2. C'est la partie qui se pourvoit en justice en application de l'article 6 qui, assumant la conduite de l'instance, a "la charge initiale de la preuve". C'est une charge difficile, "puisqu'il s'agit de réfuter certaines ou l'ensemble des allégations de l'avis d'allégation, allégations qui, si elles n'étaient pas contestées, permettraient au ministre de délivrer l'avis de conformité". Merck Frosst , précité, le juge Hugessen, à la page 319;
3. Cette charge, appelée dans les poursuites civiles le "fardeau de persuasion", oblige le poursuivant à prouver sa cause selon la norme de preuve en matière civile. En revanche, le "fardeau de présentation de la preuve" désigne l'obligation de soulever une question et signifie que la partie doit s'assurer qu'il y a au dossier suffisamment d'éléments de preuve de l'existence ou de l'inexistence d'un fait ou d'une question pour satisfaire au critère préliminaire au sujet de ce fait ou de cette question. Nu-Pharm , précité, le juge Stone, à la page 33.
4. Lorsque l'avis de conformité d'une deuxième personne allègue la non-contrefaçon, la Cour devrait présumer que "les allégations de fait contenues dans l'avis d'allégation sont avérées sauf dans la mesure [où] la partie requérante prouve le contraire". Merck Frosst , précité, le juge Hugessen, à la page 319;
5. Pour décider si les allégations sont "fondées", "la Cour doit examiner si, à la lumière de ces faits tels qu'ils sont présumés ou prouvés, ces allégations engageraient en droit à conclure que le brevet en litige ne serait pas contrefait par la partie intimée". Merck Frosst , précité, le juge Hugessen, à la page 319.

[31]      La question qui se pose en l'espèce est celle de savoir si l'allégation de Nu-Pharm portant que son procédé n'est pas visé par les revendications du brevet 151, et plus particulièrement les revendications 1a) et 16, est justifiée. La revendication 16 vise tout équivalent chimique manifeste de la revendication 16. L'allégation de Nu-Pharm suivant laquelle son procédé ne contrefait pas le brevet 151 est tenue pour véridique, sauf dans la mesure où Abbott prouve le contraire.

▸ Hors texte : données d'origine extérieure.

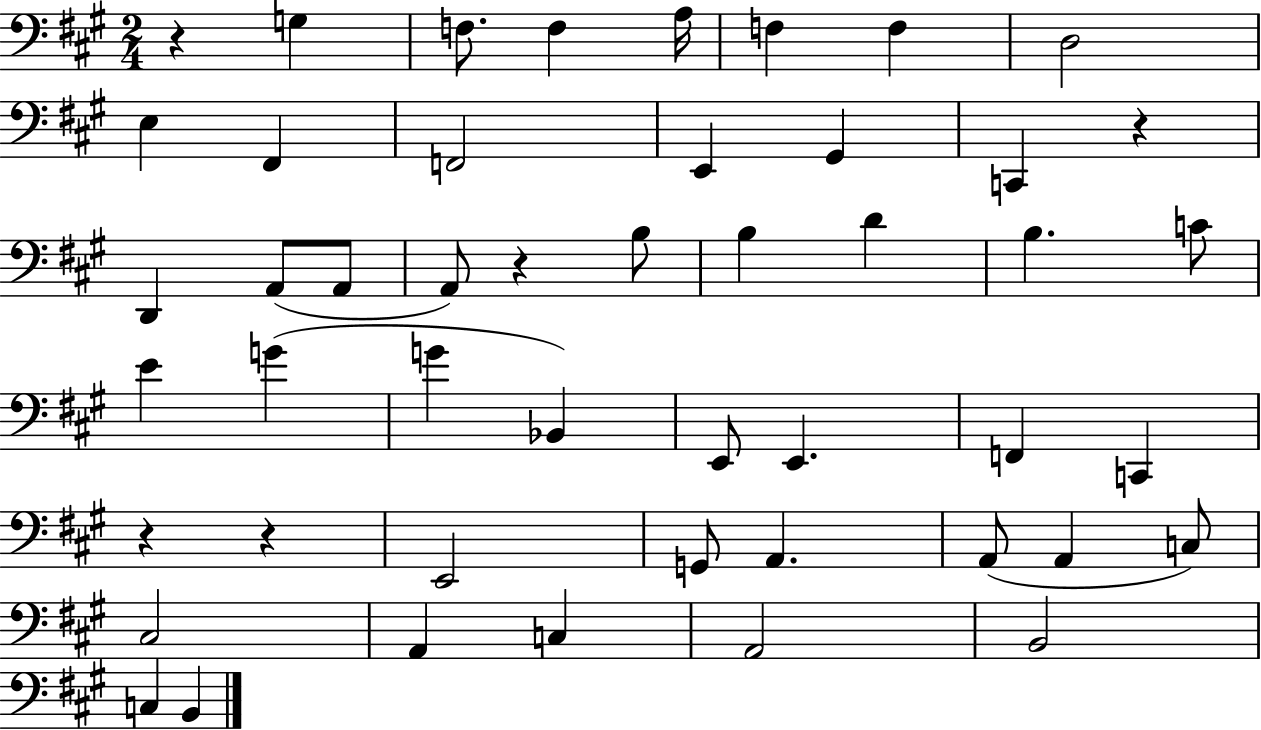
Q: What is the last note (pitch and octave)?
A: B2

[32]      Dans la cause de contrefaçon de brevet Catnic Components Ltd. and another c. Hill & Smith Ltd.7, Lord Diplock a établi le cadre à utiliser pour déterminer si une caractéristique d'un brevet est essentielle :

[Traduction]
La question qui se pose dans chaque cas est de savoir si des personnes ayant des connaissances et une expérience pratiques dans le domaine dans lequel l'invention est censée être employée, concluraient que le breveté a voulu poser comme exigence fondamentale qu'on suive à la lettre telle phrase ou tel mot descriptifs figurant dans une revendication, de sorte que toute variante échapperait au monopole revendiqué, même si elle ne pourrait avoir aucune incidence importante sur le fonctionnement de l'invention.
Bien entendu, la question ne se pose pas lorsque la variante aurait en fait une incidence importante sur le fonctionnement de l'invention. Elle ne se pose pas non plus si, à la date de la publication du mémoire descriptif, il serait évident pour un lecteur averti que la variante aurait cet effet. Lorsque les connaissances dont on dispose à une époque donnée ne sont pas de nature à rendre cela évident, le lecteur peut à bon droit supposer que le breveté a estimé au moment de la rédaction du mémoire descriptif qu'il avait de bons motifs de restreindre si strictement son monopole et que telle a été son intention, même si les travaux accomplis ultérieurement par lui ou par d'autres personnes dans le domaine dont relève l'invention peuvent démontrer l'inutilité de cette restriction.
[non souligné dans l'original]

Les mots soulignés dans cet extrait concernent directement l'une des prétentions de Nu-Pharm : l'affirmation d'Abbott concernant l'équivalence chimique manifeste se fonde sur la " reconstitution du passé " par les auteurs de ses affidavits, et non sur les connaissances existantes à l'époque du brevet 151.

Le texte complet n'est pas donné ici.